AVAILABLE DATA →
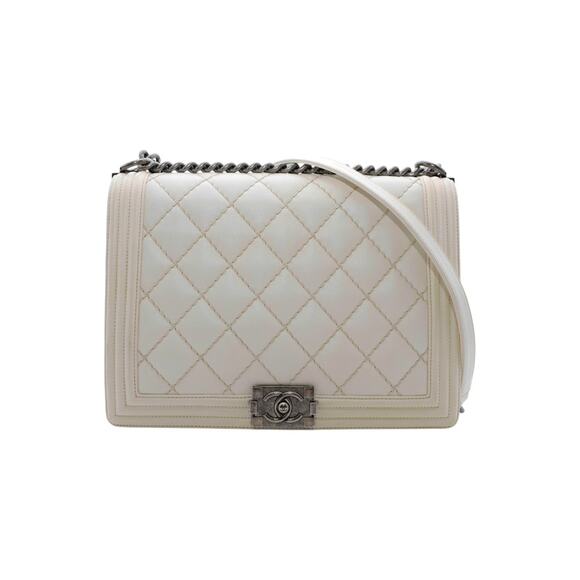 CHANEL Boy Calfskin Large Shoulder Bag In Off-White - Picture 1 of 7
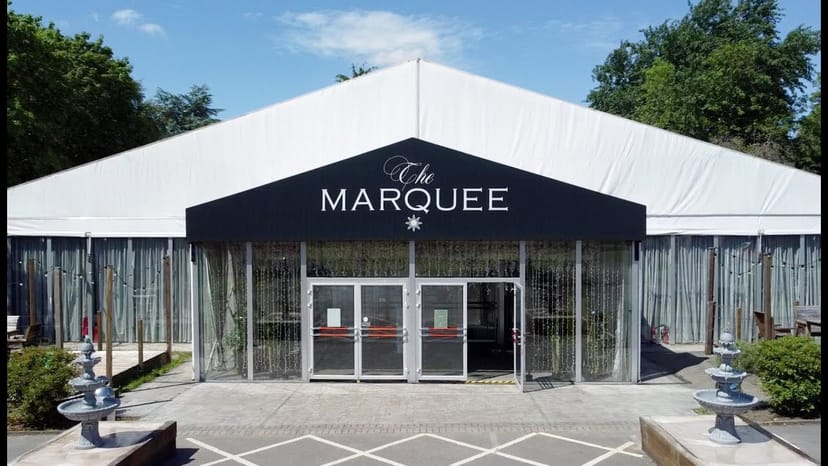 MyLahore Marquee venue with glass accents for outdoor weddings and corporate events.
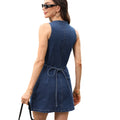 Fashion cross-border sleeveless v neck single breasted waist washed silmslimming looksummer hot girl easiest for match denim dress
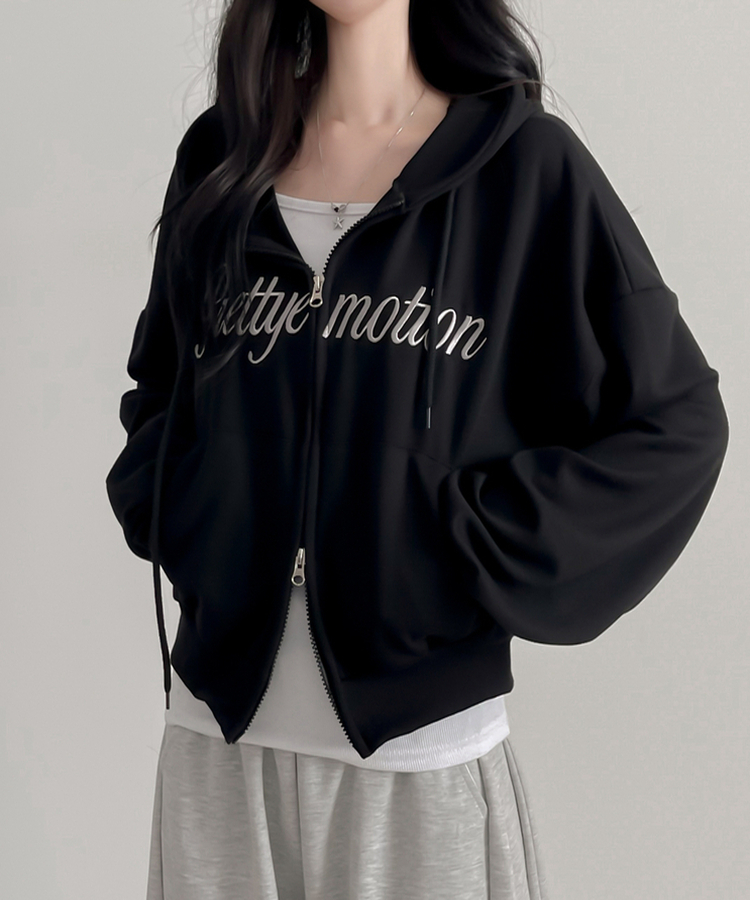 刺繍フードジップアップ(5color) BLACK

PROBLEM TO SOLVE → Pictures aside, transcribe exactly the lines from the line containing "Fashion cross-border sleeveless" through the final line of the material above.

ANSWER SECTION →
 Fashion cross-border sleeveless v neck single breasted waist washed silmslimming looksummer hot girl easiest for match denim dress
 刺繍フードジップアップ(5color) BLACK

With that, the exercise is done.